I visited the Tower of London while I was in London, to reminisce the memories that I had when I was attached there as an intern. The yeoman wardens were still there, and so were the ravens with their clipped wings. I love entering this space because it transports you back in time to the medieval past where people were slightly more ravage in actions, words and thoughts – killing, inprisonment, battling, surviving. And sometimes, you wonder about what these people in the past eat and how they cook these dishes especially during the harsh winter times.
Which is why I love revisiting Maggie’s medieval recipe book from time to time, to try out some of the recipes within. One would be surprised, that most of what they eat are very similar to what we still do today (!) though there are some interesting finds as well. This lombard chicken pasty (pastry) recipe is one of the interesting finds in the book as it looks plain and uninteresting at first glance, but tastes really yummy and juicy if cooked well – I couldn’t stop eating it myself!

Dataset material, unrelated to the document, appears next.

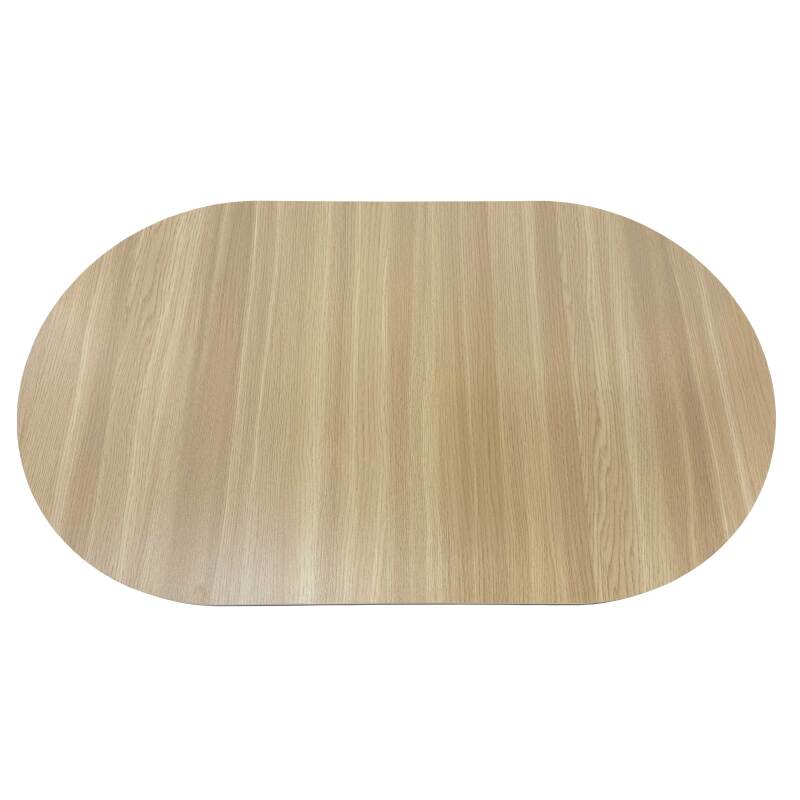 Couchtisch oval, in Holzoptik, 120x70x35 cm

Such pasties would have been served in a more grandiose form as a double-sized, two crust pie at home. However, smaller ones like this one would be baked for eating on the road e.g. during pilgrimages. The meat would be deboned for stuffing inside the crusts.
‘Chickens be set in a pasty on their backs with the breast upward and large slices of bacon on the breast, and then covered.
Item in the Lombard manner, when the chickens be plucked and prepared, take beaten eggs (to wit yolks and whites) with verjuice and spice powder and dip your chickens therein; then set them in the pasty with strips of bacon as above.’
- Breast meat: 400g, thinly sliced
- Orange juice: 1 orange
- Ground ginger: 1/2 tsp
- Ground blackpepper: 1 tsp
- Short crust pastry: 350g
- Egg mixture: 2 eggs beaten with a pinch of salt
- Back bacon: 3 slices, halved
- Preheat oven at 220 degrees Celsius.
- Marinate breast meat with orange juice, ground ginger and ground blackpepper. Set aside.
- Roll out short crust pastry to 3mm thick.
- Cut out large circles from pastry dough. I used an 8cm cutter, and rolled out further into 2mm thick circles.
- Scoop 1 tbsp full of breast meat and dip into egg mixture. Place on 1 half of pastry circle.
- Lay 1 halved bacon over breast meat.
- Brush edges of pastry slice with remaining egg mixture. Fold pastry over and press with hand or fork to seal. Prick in several places with fork.
- Place greased baking sheet onto tray. Place pastries onto baking sheet.
- Bake 15min.
- Lower oven to 190 degrees Celsius. Bake another 15 – 20min till golden brown.
- Serve hot.
This recipe was kindly adapted from ‘The Medieval Cookbook’ by Maggie Black.
The original recipe called for verjuice or lemon juice instead of orange juice. Verjuice is a medieval concoction of highly acidic juice made with pressed unripe grapes or other sour fruits. I had oranges in the fridge and decided to use this instead of buying additional lemons to add to the ready stock in my fridge.